### Extracted material
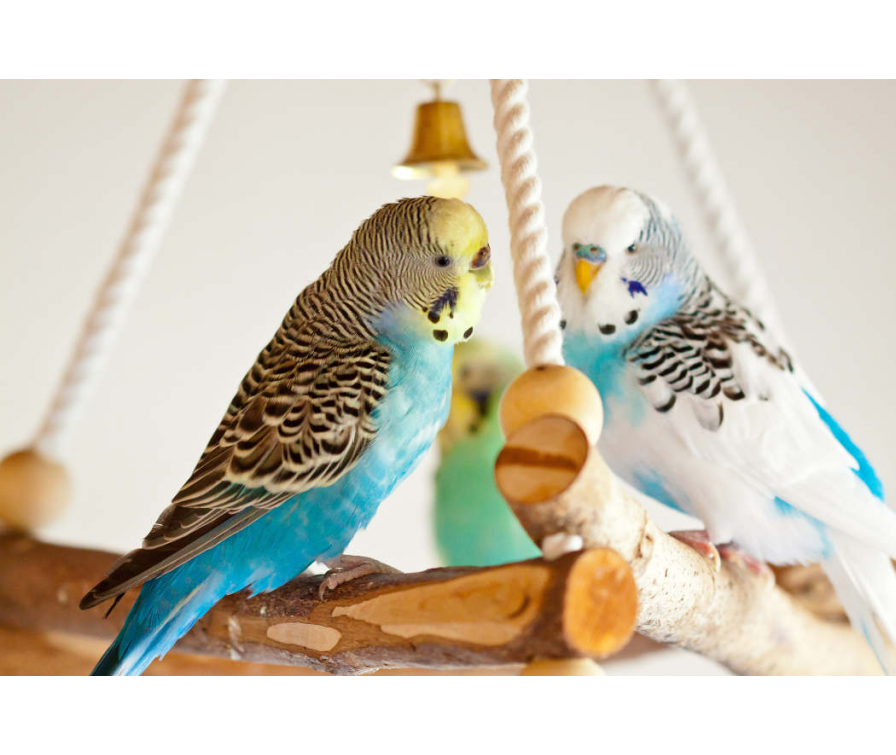 Ile żyją papużki faliste? Poznaj odpowiedź na to oraz inne pytania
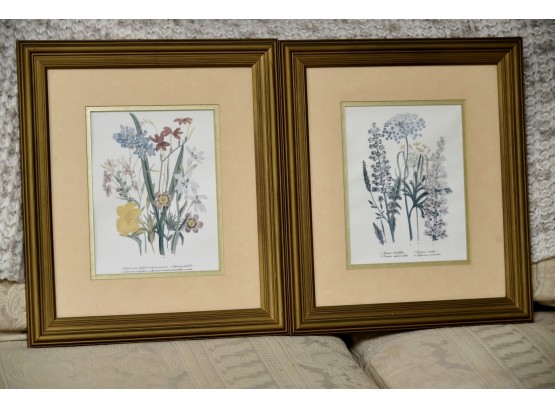 Pair Of Antique Botanical Prints Framed 14 X 16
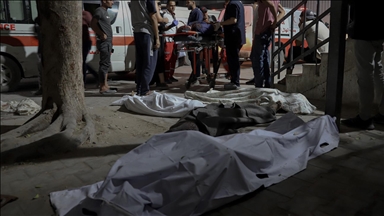Austria calls for end to suffering in Gaza, reaffirms support for Ukraine’s sovereignty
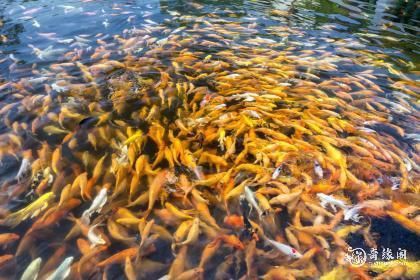 屬龍人養魚有哪些禁忌？：家中養魚需要注意什么 屬龍人養魚有哪些禁忌？：家中養魚需要注意什么 龍魚百科 第8張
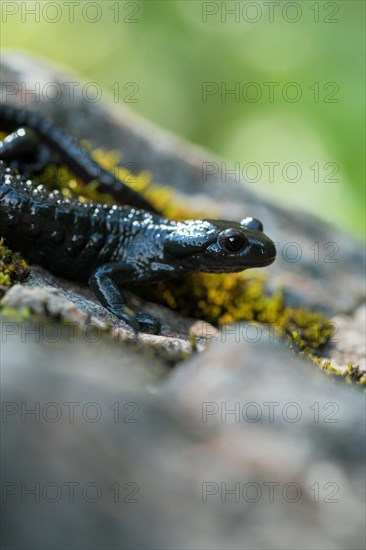 Alpine salamander (Salamandra atra), on stone with moss, Hohenschwangau, Allgaeu, Bavaria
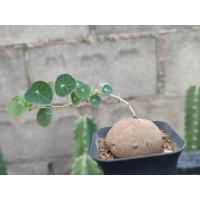 ราคา โขดบัวบก โขดอ้วนกลม (2975488137)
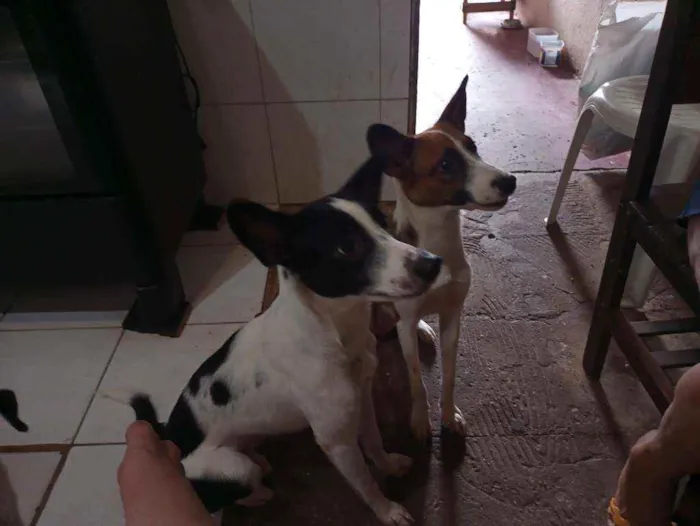 Cachorro ra a Vira lata idade 7 a 11 meses nome Amora e Juliete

### Task brief
None of the pictures belong in the result. Print exactly the lines from the one containing "Pair Of Antique" through the final line of the entries.

### Written solution
 Pair Of Antique Botanical Prints Framed 14 X 16
Austria calls for end to suffering in Gaza, reaffirms support for Ukraine’s sovereignty
 屬龍人養魚有哪些禁忌？：家中養魚需要注意什么 屬龍人養魚有哪些禁忌？：家中養魚需要注意什么 龍魚百科 第8張
 Alpine salamander (Salamandra atra), on stone with moss, Hohenschwangau, Allgaeu, Bavaria
 ราคา โขดบัวบก โขดอ้วนกลม (2975488137)
 Cachorro ra a Vira lata idade 7 a 11 meses nome Amora e Juliete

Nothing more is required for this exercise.